Launched in 2010 in Denmark by Heini Zachariassen (check out his youtube channel), it quickly built a massive community of users ranging from casual drinkers to wine experts. Today Vivino has 43 million registered users who rate wines, write reviews and like each other’s posts.
In 2017, Vivino decided to capitalize on their vast network and launched a wine marketplace, where wineries and merchants register to sell their wines. Tens of thousands of wine items are sold on Vivino globally, with about 14,400 available when accessing from the U.S. East Coast. This is a typical picture on the front page:
With so many wines listed by the merchants, the question for Vivino is, which ones are good deals?

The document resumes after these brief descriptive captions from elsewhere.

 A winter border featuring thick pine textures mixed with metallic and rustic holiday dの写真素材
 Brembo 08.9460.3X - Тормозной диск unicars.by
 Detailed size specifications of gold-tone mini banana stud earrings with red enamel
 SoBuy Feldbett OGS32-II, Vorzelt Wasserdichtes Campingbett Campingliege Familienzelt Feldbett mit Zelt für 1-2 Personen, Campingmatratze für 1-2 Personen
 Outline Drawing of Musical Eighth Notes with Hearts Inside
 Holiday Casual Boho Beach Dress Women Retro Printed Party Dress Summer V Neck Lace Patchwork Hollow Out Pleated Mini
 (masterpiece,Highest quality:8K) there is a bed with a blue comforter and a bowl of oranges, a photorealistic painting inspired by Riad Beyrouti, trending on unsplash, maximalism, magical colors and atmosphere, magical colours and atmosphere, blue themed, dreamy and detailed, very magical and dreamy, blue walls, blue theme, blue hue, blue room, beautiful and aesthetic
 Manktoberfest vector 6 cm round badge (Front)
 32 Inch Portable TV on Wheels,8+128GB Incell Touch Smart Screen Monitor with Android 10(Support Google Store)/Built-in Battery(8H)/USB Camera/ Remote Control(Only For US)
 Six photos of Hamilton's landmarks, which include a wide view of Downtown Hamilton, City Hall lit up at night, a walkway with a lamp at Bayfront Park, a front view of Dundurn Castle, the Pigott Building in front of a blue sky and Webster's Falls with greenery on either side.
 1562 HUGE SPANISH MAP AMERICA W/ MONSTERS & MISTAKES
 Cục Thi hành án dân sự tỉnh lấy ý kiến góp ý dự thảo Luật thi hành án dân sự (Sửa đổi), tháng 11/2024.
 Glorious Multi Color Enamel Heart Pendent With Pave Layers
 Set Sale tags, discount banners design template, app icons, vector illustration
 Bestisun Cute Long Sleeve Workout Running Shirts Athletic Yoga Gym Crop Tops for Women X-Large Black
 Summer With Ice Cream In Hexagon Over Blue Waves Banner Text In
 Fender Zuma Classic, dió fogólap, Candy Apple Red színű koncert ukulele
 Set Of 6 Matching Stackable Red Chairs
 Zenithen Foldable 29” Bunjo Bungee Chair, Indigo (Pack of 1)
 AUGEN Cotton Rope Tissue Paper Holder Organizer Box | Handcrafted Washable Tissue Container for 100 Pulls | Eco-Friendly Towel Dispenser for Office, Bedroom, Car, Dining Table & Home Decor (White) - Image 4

If there is a way to estimate the ‘true’ price of the wine, Vivino could signal to its loyal customers that some wines are priced much below their value. And there are many reasons why a good wine may be offered at a discount: it may be a promotion by the merchant, a liquidation of stock, or sometimes just an oversupply from a good vintage year.
But can Vivino quickly identify the fair price range of a bottle without having to rely entirely on manual verification?
Exploring the data
An important number to remember when scraping dynamic websites with Selenium is 86,400. That’s the number of seconds per day. Selenium spent about 4-5 seconds navigating each wine page, which means a hard cap of only 20,000 samples per day. For many machine learning applications, this is a [very] small dataset.
With that said, Vivino had only 14,400 items currently selling in the U.S., so all of them got scraped. For each wine, 13 key characteristics were obtained:
We first explore the data visually to verify if the price is correlated with any of the features. As we can see, prices have 67% correlation with the average rating – wines with higher ratings are usually more expensive. There is also a slightly negative correlation with the number of ratings, and the relationship resembles the typical inverse price/quantity curve.
However, there is still lots of variability. One great 4.2-star wine can be priced at $20 and another at $200! A lot of variability in the wine prices comes from perceived quality, as opposed to any objective characteristics. This variability may be explained by other predictors such as expert reviews or social media mentions and probably has a good deal of irreducible, natural variation.
Wine styles and countries of origin clearly have explanatory power, with medians ranging from $20-25 to $60-80. These are clearly good predictors of price:
However, we should be cautious and resist the temptation of throwing all the features into the model. This may lead to overfitting and reduce the predictive power on out-of-sample, previously unseen data.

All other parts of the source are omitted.